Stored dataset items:
◇ ◇ ◇

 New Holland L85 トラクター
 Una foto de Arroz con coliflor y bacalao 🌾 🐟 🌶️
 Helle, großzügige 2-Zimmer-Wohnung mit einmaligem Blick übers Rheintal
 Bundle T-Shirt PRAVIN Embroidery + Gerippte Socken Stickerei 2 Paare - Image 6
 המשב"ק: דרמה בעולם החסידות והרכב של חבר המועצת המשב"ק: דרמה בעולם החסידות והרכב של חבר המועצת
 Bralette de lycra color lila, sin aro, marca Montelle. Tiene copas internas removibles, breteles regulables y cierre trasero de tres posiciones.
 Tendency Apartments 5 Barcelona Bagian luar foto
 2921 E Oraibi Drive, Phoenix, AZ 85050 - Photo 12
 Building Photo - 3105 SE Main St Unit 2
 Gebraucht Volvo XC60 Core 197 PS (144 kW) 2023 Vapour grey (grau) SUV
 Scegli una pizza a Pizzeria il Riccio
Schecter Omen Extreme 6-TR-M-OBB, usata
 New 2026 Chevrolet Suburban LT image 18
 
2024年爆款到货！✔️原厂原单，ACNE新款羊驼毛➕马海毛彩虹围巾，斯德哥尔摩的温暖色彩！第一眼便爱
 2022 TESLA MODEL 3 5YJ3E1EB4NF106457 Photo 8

◇ ◇ ◇

→ Problem description
Print again the lines of the entries above that fall between the line holding "Bralette de lycra" and the line holding "Building Photo - 3105 SE Main St Unit 2", inclusive, exactly as they stand.

→ Response
 Bralette de lycra color lila, sin aro, marca Montelle. Tiene copas internas removibles, breteles regulables y cierre trasero de tres posiciones.
 Tendency Apartments 5 Barcelona Bagian luar foto
 2921 E Oraibi Drive, Phoenix, AZ 85050 - Photo 12
 Building Photo - 3105 SE Main St Unit 2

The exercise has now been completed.